# First things first...

Is Spark set up in this notebook? And is it configured for awesome?

I recommend `--master local[*]`, which sets up one worker for each core.

In [None]:
sc.master

In [None]:
# We can still use IPython
%ls data

## Create some RDDs the easy way

Spark was conceived as an extension to Map-Reduce, which initially targeted the Hadoop FileSystem (HDFS). Spark uses the notions of Resilient Distributed Datasets (RDDs) that remain in memory, and can abstract over a large variety of storage back-ends.

Here, we see how we can work with small data (by some definition) locally without resorting to a cluster.

We can easily replace these RDDs with, e.g., an HDFS-backed datastore and cluster, and execute the identical logic.

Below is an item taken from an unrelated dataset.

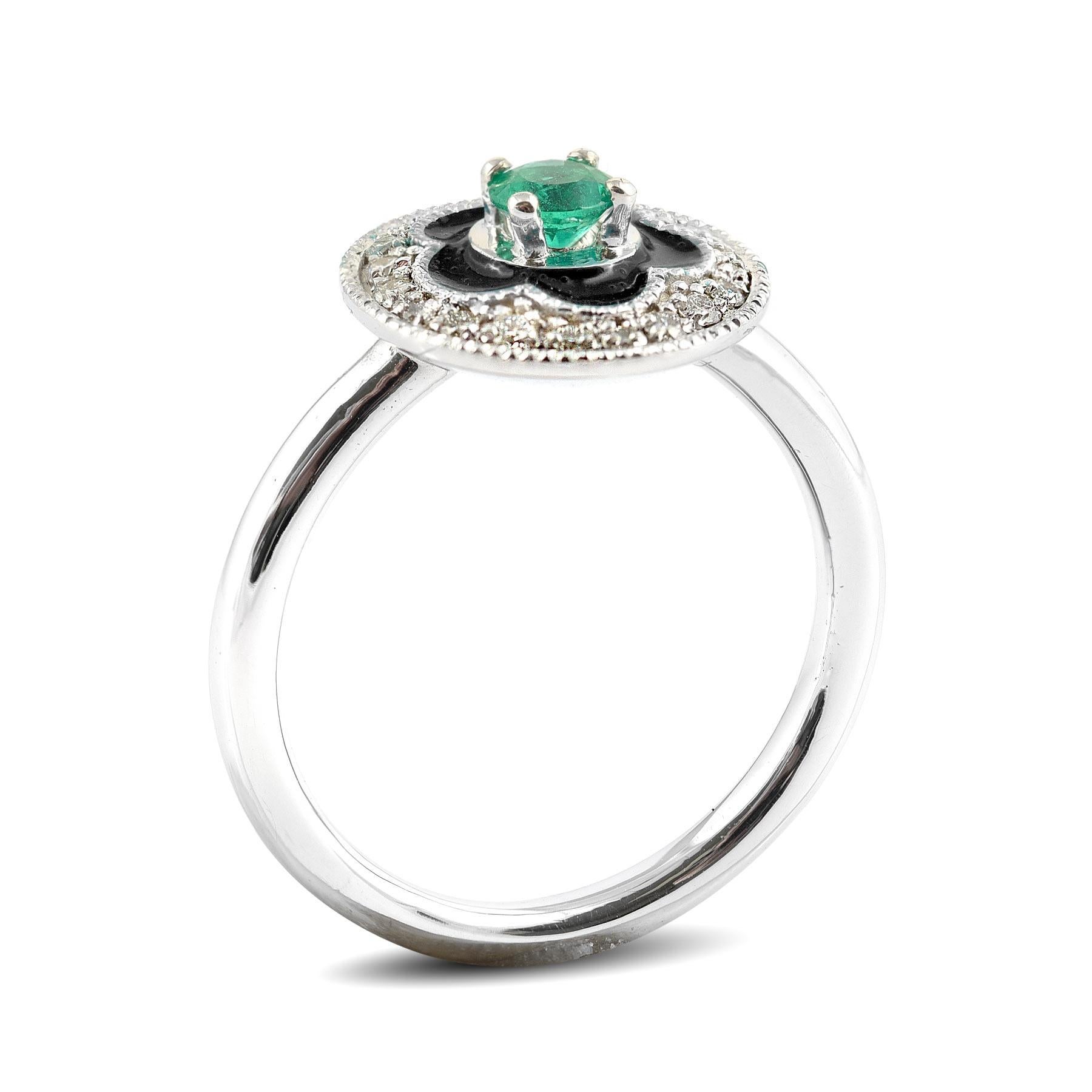 An unexpected choice, this 0.17 carat Emerald and enamel ring is a simple yet indulgent ring. Crafted in 14K white gold, this band also comes set with diamonds that add to its sparkle. A perfect choice when it comes to a gift, this ring will surely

The plan is to introduce this next week.

*Note - you will need to copy these data files into the repo or adjust the paths*

In [None]:
permits = sc.textFile('data/Building_Permits.csv')
violations = sc.textFile('data/Building_Violations.csv')

Note that those functions returned way faster than the time needed to load the files... Spark is [lazy](http://en.wikipedia.org/wiki/Lazy_evaluation).

## Classic Spark

Don't worry about efficiency, that's what the other cores are for

In [None]:
# Let's do functional programming the way Guido likes it

# var, = ... unpacks a sequence of length 1. It is similar to:
# var = ...[0]
# asseret(len(...) == 1)
permit_header_str, = permits.take(1)

# Here, we pass a generator expression to enumerate within a dict comprehension
# This is very similar to how Spark works, and is *very* memory efficient
permit_header_locs = {name: loc for loc, name in 
               enumerate(val.strip() for val in header_str.split(','))}
permit_header_locs

## Learning some real Spark

The core of spark is functional programming over RDDs. Most of you have probably heard of map-reduce. `map` and `reduce` are actually two separate functional primitives, and Spark decouples a small set of powerful primitives that are readiliy mapped to parallel computation over RDD "partitions."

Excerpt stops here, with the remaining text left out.